* What needs to be done: Please return the listing exactly as written, but without its pictures.

* Provided data:
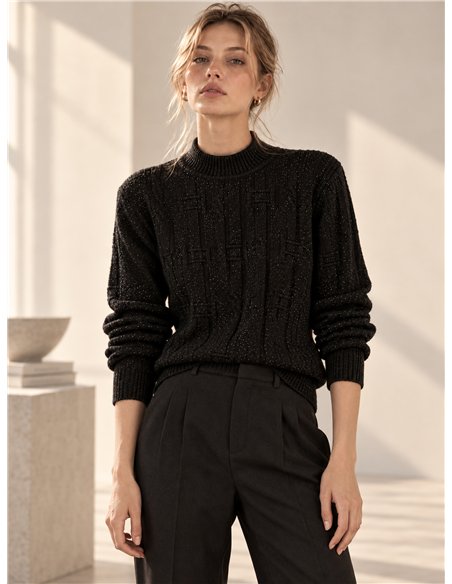 Jersey cuello alto brillo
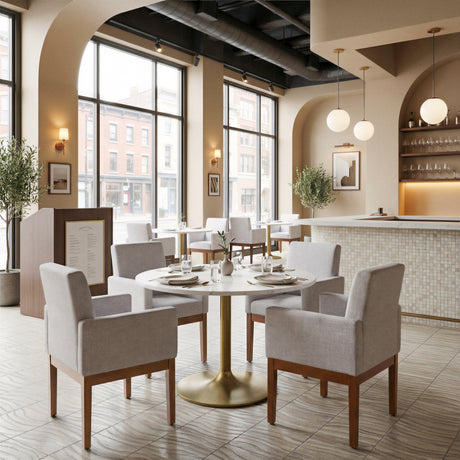 Ithaca White & Gold Dining Table by Zuomod at Eve Furniture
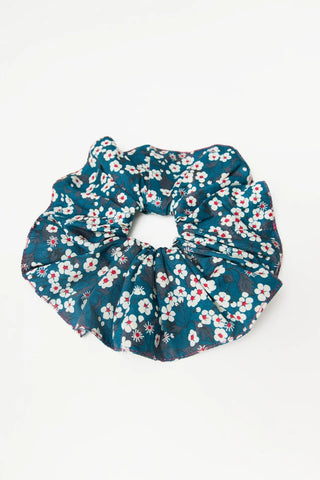 Big blue floral Scrunchie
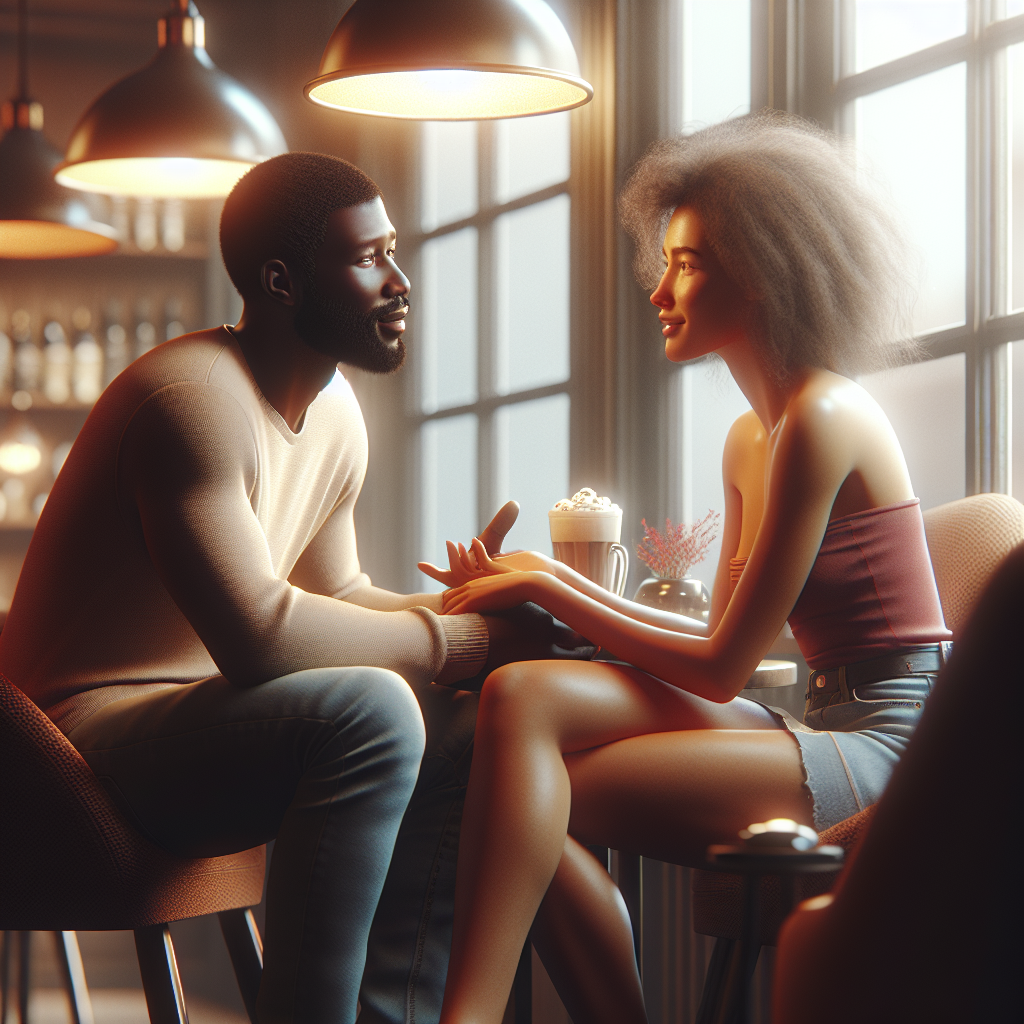 A couple sitting together with open body language while discussing their feelings at a cozy coffee shop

* Response box:
 Jersey cuello alto brillo
 Ithaca White & Gold Dining Table by Zuomod at Eve Furniture
 Big blue floral Scrunchie
 A couple sitting together with open body language while discussing their feelings at a cozy coffee shop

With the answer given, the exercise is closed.